Scientific publications about 3D laparoscopy in children are rare. There are few reports about use of 3D laparoscopy in children: in 22 pediatric patients in Tübingen (Germany) ³⁰ and in 48 pediatric patients in Russia. ³¹

It is reasonable that reporting about any of new technique, it is adopted to demonstrated the learning curves of this innovation. After acceptance of new operations begins the period of the studying characterized by worse results which decrease with experience. In pediatric surgery, case volume and frequency of diseases are low and forming of curves demands a long time to reach a plateau. In our study, two groups of patients (NE, OC) have been excluded from an assessment. It is the first limitation of our research. Another limitation—diverse groups of patients. Discrete laparoscopic methods do not allow to construct effective curves. In this study, we have presented the cohorts of patients (3D and 2D), including various types of simple (IH) and difficult (NF, PUA) operations. Only in two subgroups we could construct learning curves—63 patients after IH and 22 patients after NF. We suggest that only one measure may be universal—operative time and this is applicable to any minimally invasive procedure in any patient population. However, the IH procedure is easy and therefore the time of the development was short—after five operations we have reached a plateau. It means that we expect to overcome the learning curve after five surgeries for inguinal hernia. NF is a more difficult operation. For this reason, a plateau has been reached on the 10th patient. This indicates that only 10 surgeries are needed for a trained minimally invasive surgeon to complete the learning curve of NF in 3D format. Reasonings on production of curves in a series of patients after PUA are premature and we need the extra time of accumulated experience to construct schedules for this operation in 3D format.

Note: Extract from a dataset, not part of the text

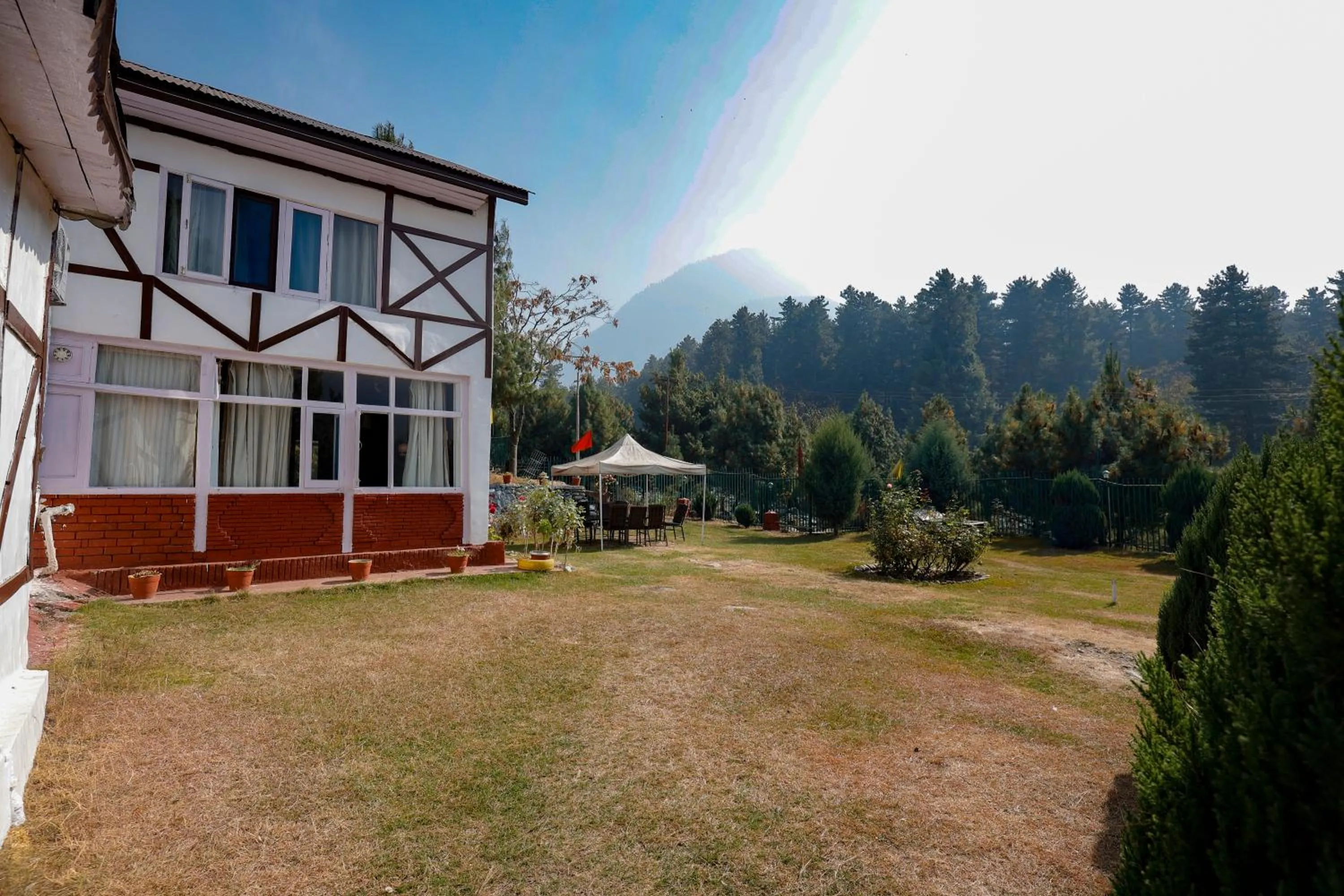 Walisons Peace Resort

On the basis of our own scientific results, we are inclined to conclude that 3D laparoscopy is feasible in children and it is an excellent alternative to traditional laparoscopic surgery in treatment of many diseases, including those in small children. In our opinion, some advice that has appeared in the course of accumulation of our personal experience is important for the initial mastery of skills in 3D laparoscopic surgery:

• all medical monitors have a lower brightness in 3D mode than in 2D mode. Thus, an operating room should be dimmed to increase your visibility of 3D images;

Thus, the use of 3D laparoscopy in the pediatric population begins its story. The prejudice related to the fact that the existing optical system is too large for children is unreasonable, given the potential of child umbilicus to hide a scar after surgery. In addition, 3D technology in an incredible way changed the depth perception of child's internal organs and preserved the tactile feedback, which is absent in robotic devices, and improved the skills of talented surgeons.

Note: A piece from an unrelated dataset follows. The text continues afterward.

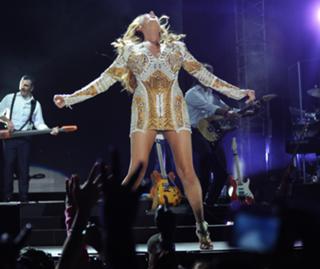 Céline Dion feet photo thumbnail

The main question of whether 3D endosurgery in feasible in children in general, as well as a safe technology compared to traditional laparoscopy, was confirmed by the results of our study. Restoring depth perception allows more precise and faster dissection, suturing, and knotting even in narrow operating spaces such as subdiaphragmatic and retroperitoneal spaces. No conclusions should be drawn with regard to the superiority of 3D over 2D vision in pediatric endosurgery because of the nonrandomized setting and the small number of patients. Supported by the results, we conclude that 3D vision can be safely changed to conventional 2D pediatric endosurgical procedures without adjusting current surgical protocols.